• Work to complete
Write out every record below exactly, leaving the pictures out.

• Entries provided
###

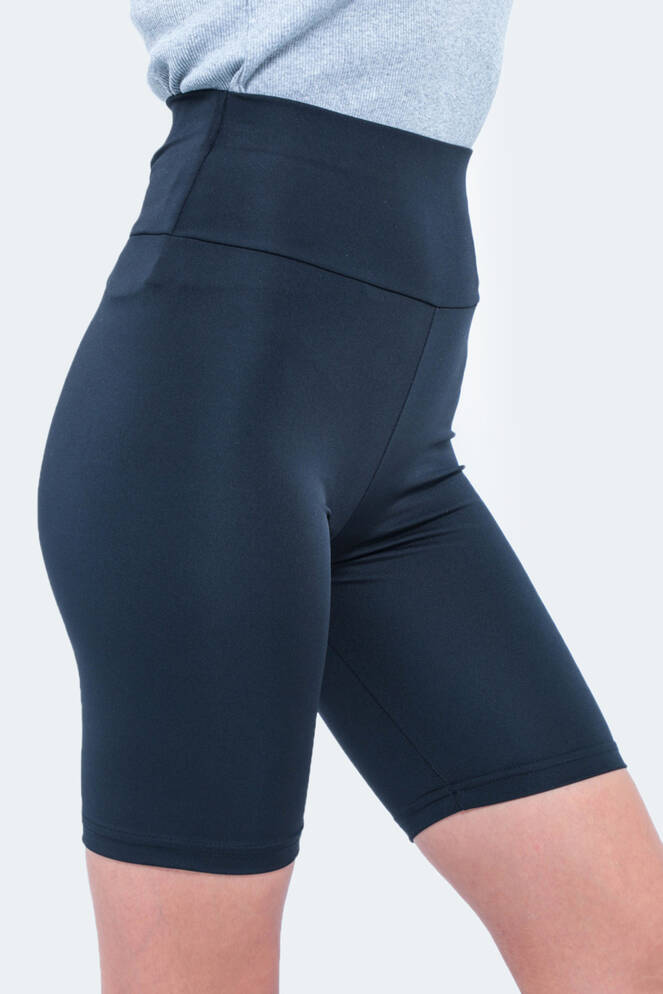 Slazenger NETA Women's Fitness Tights Black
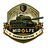 MLGR emblem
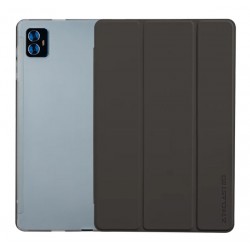 TECLAST θήκη προστασίας CASE-M50PRO για tablet M50 Pro, γκρι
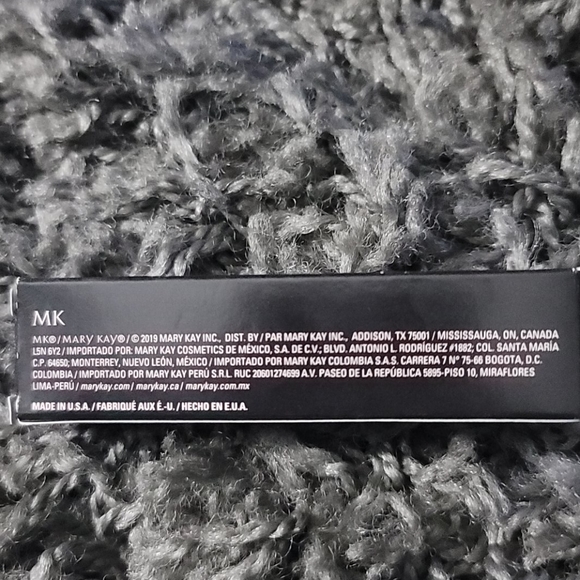 👱NIB Mary Kay Volumizing Brow Tint: Dark Blonde👱 - Picture 4 of 5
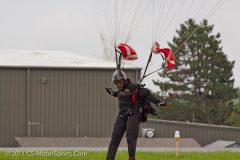 rotor_fest-188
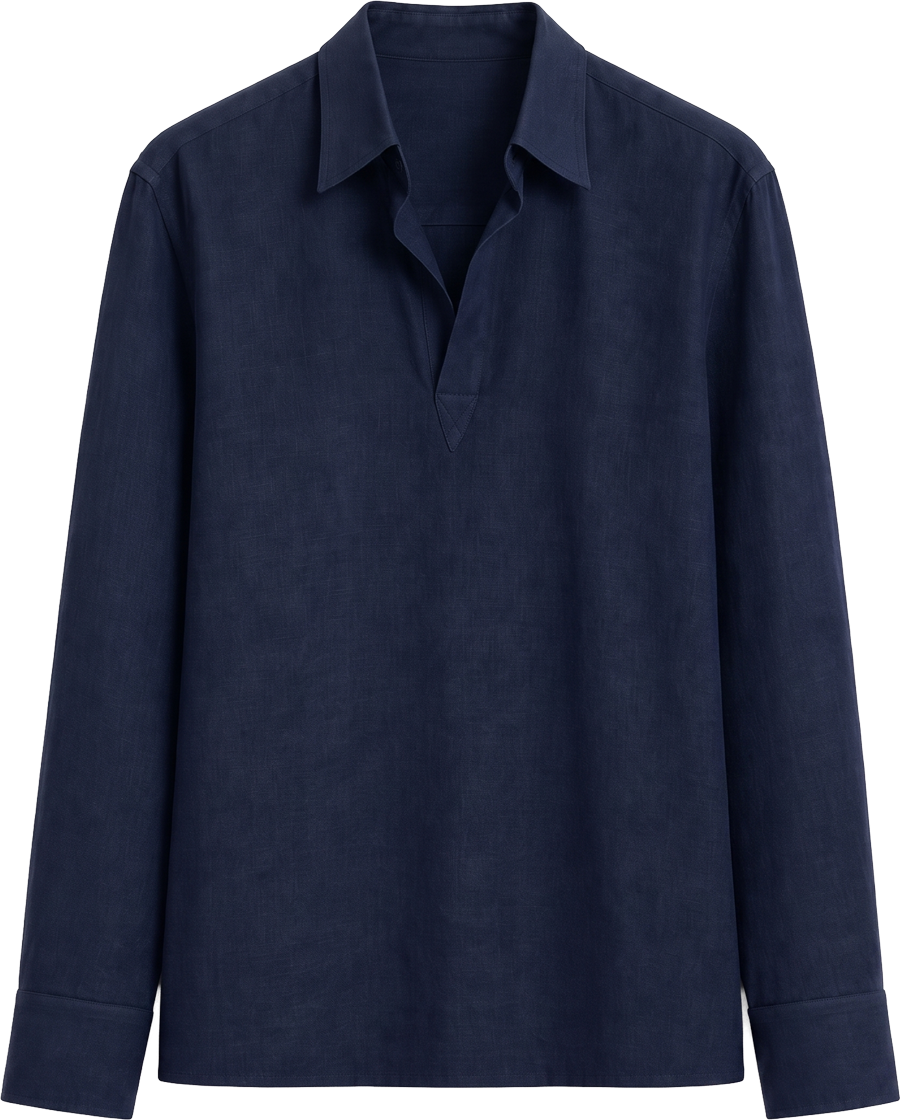 GIANNI SHIRT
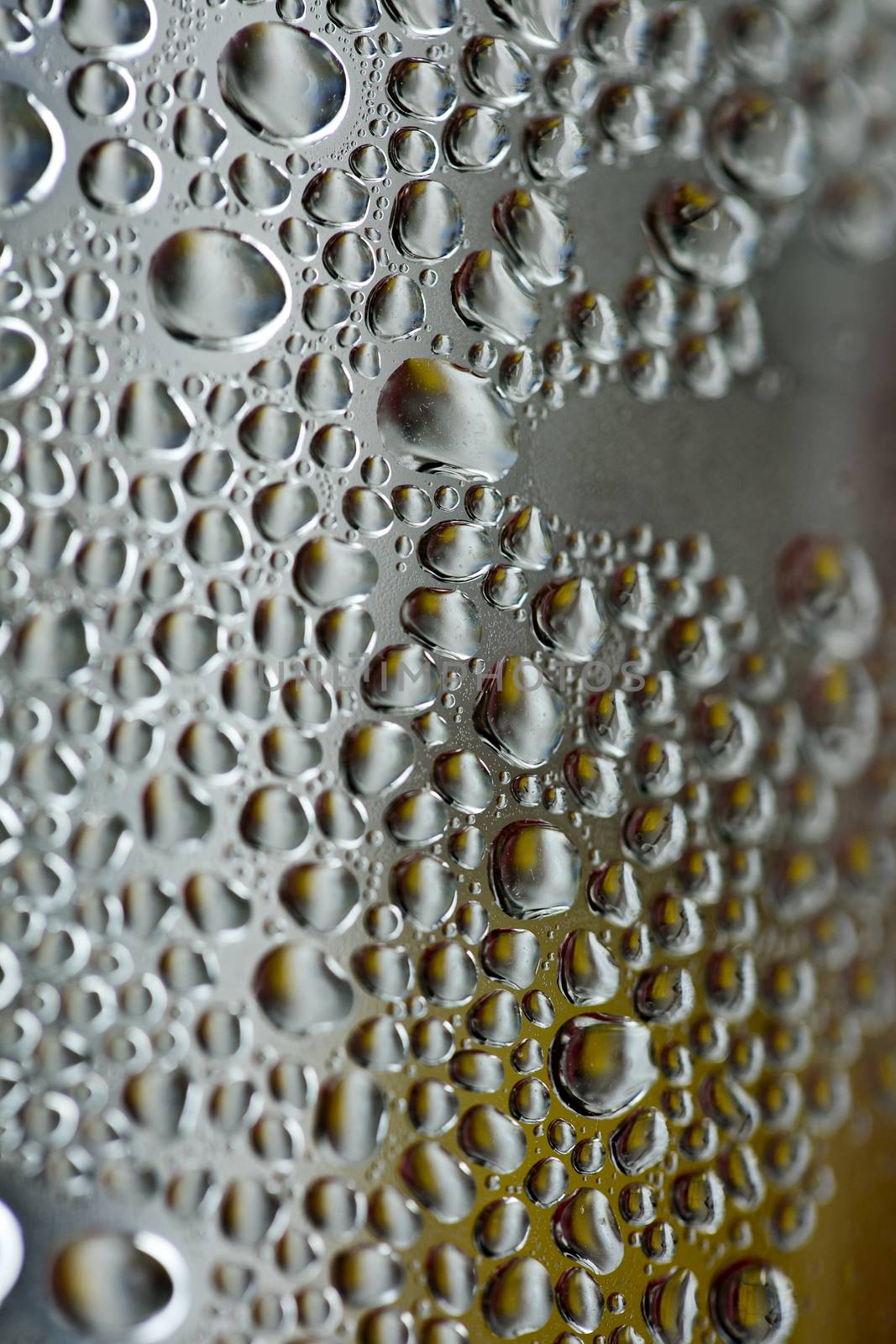 Modern droplets texture home decoration digital posters beautiful graphic abstract art smooth colorful design for you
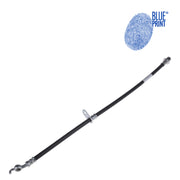 Blue Print ADD65351 Brake Hose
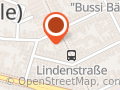 Bücherstube am Boulevard Inh. Gabriele Hinzdorf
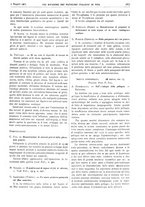 giornale/CFI0361052/1913/unico/00000315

###

• Answer for this exercise
 Slazenger NETA Women's Fitness Tights Black
 MLGR emblem
 TECLAST θήκη προστασίας CASE-M50PRO για tablet M50 Pro, γκρι
 👱NIB Mary Kay Volumizing Brow Tint: Dark Blonde👱 - Picture 4 of 5
 rotor_fest-188
 GIANNI SHIRT
 Modern droplets texture home decoration digital posters beautiful graphic abstract art smooth colorful design for you
 Blue Print ADD65351 Brake Hose
 Bücherstube am Boulevard Inh. Gabriele Hinzdorf
 giornale/CFI0361052/1913/unico/00000315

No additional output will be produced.